Track them in the same system, but flag them clearly. Add a Citation Number field and an Abatement Deadline field separate from your internal due date. OSHA abatement deadlines are legal obligations; miss them and you generate additional daily penalties. Keep your abatement letters and any correspondence with the OSHA area office attached to or cross-referenced from the relevant CATS entry. A citation is closed with OSHA only after you submit abatement documentation, so the loop has external components too.
How do corrective actions connect to the OSHA 300 log?
Every recordable injury or illness logged on the OSHA 300 under 29 CFR 1904.29 should link to at least one corrective action entry. Add an OSHA 300 Case Number field to your CATS. An inspector who pulls your 300 log and sees several entries for the same exposure (say, back injuries at the shipping dock) will look for matching corrective actions. If none exist, that's evidence of a known hazard with no management response, which supports a willful classification and higher penalties.
What is the right way to close out a corrective action?
Closure takes three things: documentation that the action was implemented (photo, work order, training record, whatever fits), verification by a second person that the hazard is actually gone, and a signed, dated entry in the log. 'Closed' means the hazard is gone, not that someone updated the spreadsheet. If the fix was a temporary control pending a permanent engineering solution, close the temporary action and open a new one for the permanent fix with its own due date.
Sources
- OSHA, 29 CFR 1910.119 Process Safety Management of Highly Hazardous Chemicals: 29 CFR 1910.119(e)(5) requires employers to establish a system to promptly address and resolve PHA findings and recommendations, document resolution and completion dates, and retain records for the life of the process.
- OSHA, Recommended Practices for Safety and Health Programs (2016): OSHA's Recommended Practices list tracking progress on corrective actions and periodic management review as core elements of an effective safety and health program.

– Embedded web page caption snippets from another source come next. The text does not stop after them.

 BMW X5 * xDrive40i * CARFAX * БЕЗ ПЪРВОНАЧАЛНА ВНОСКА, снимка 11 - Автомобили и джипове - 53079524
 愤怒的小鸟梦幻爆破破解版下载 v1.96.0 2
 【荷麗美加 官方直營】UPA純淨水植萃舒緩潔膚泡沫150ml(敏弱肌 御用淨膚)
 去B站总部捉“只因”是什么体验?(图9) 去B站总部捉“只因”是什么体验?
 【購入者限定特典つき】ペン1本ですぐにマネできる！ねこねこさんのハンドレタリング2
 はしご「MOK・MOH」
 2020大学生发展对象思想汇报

- OSHA, 29 CFR 1904 Recording and Reporting Occupational Injuries and Illnesses: 29 CFR 1904.33 requires employers to retain OSHA 300 log records for five years following the end of the calendar year those records cover.
- OSHA, 29 CFR 1910.95 Occupational Noise Exposure: 29 CFR 1910.95 requires audiometric testing and exposure monitoring to verify that engineering and administrative controls reduce worker noise exposures, creating a measurement-based verification requirement for corrective actions.

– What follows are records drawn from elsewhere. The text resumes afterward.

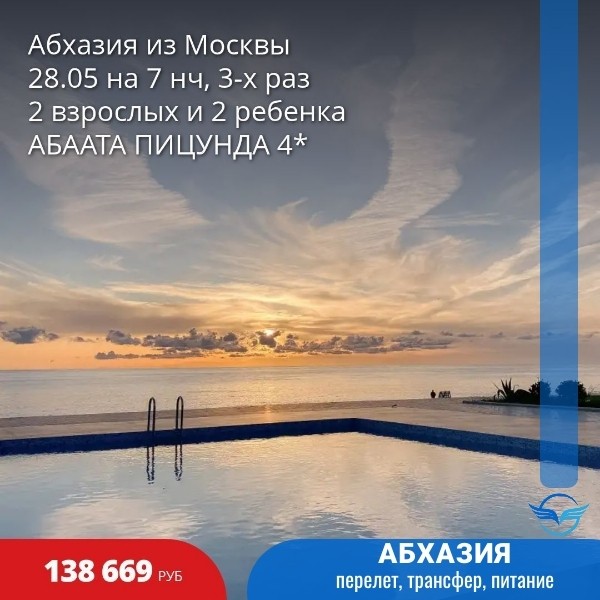 Карта мира Турагент в LOOKY — фото 4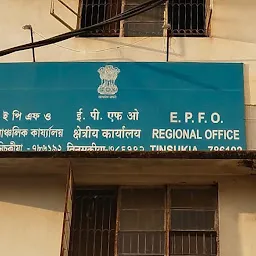 P.W.D Office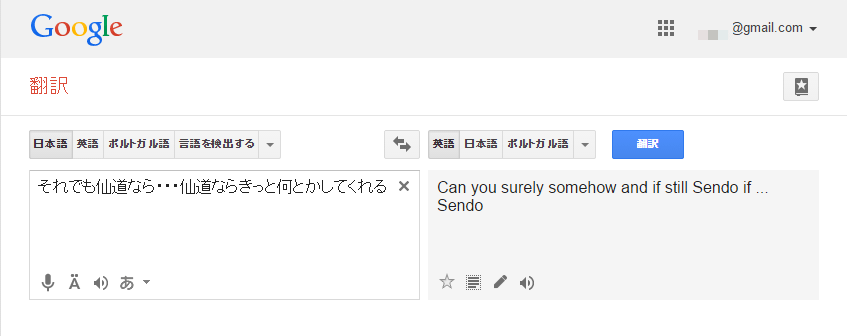 Google翻訳 それでも仙道なら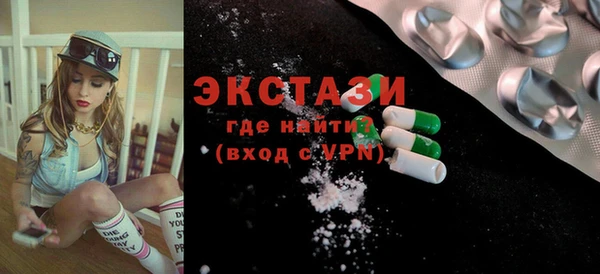 МДМА Магадан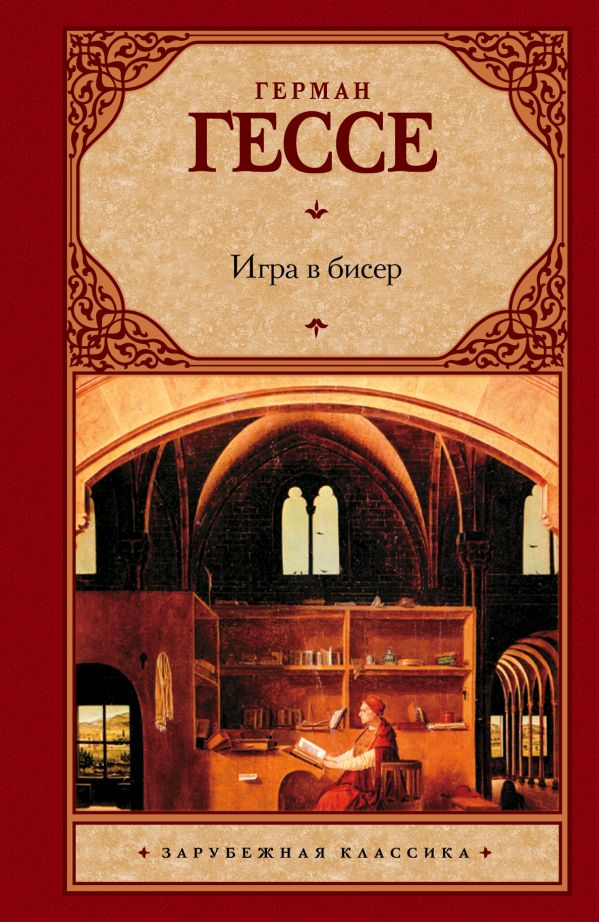 Игра в бисер Игра в бисер Гессе Г.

- OSHA, 29 CFR 1910.147 Control of Hazardous Energy (Lockout/Tagout): 29 CFR 1910.147(c)(6) requires periodic inspections of energy control procedures at least annually and documentation of the inspection, including deficiencies corrected.
- Bureau of Labor Statistics, Employer-Reported Workplace Injuries and Illnesses 2022: BLS 2022 data shows total recordable incidence rates in agriculture, construction, and warehousing of approximately 4 to 6 cases per 100 full-time equivalent workers.
- OSHA, Section 11(c) of the OSH Act, Worker Rights: Section 11(c) of the Occupational Safety and Health Act prohibits employers from retaliating against employees who report safety and health concerns or exercise other rights under the Act.
- OSHA, Penalties: As of 2024, OSHA's maximum penalty for willful or repeat violations is $161,323 per violation, adjusted annually for inflation under the Federal Civil Penalties Inflation Adjustment Act.
- OSHA, 29 CFR 1903.2 Posting of Notice; Availability of the Act, Regulations and Applicable Standards: 29 CFR 1903.2 requires every covered employer to post the official OSHA informational notice (the 'It's the Law' poster) in a conspicuous place in each establishment.
- OSHA, 29 CFR 1910.1000 Air Contaminants: 29 CFR 1910.1000 sets permissible exposure limits for air contaminants and requires engineering or administrative controls to reduce exposures below PELs, implying post-control measurement to verify effectiveness.
- OSHA, 29 CFR 1904.29 Forms: 29 CFR 1904.29 specifies the OSHA 300 Log form requirements for recording work-related injuries and illnesses, which creates the documented injury history that corrective action records must address.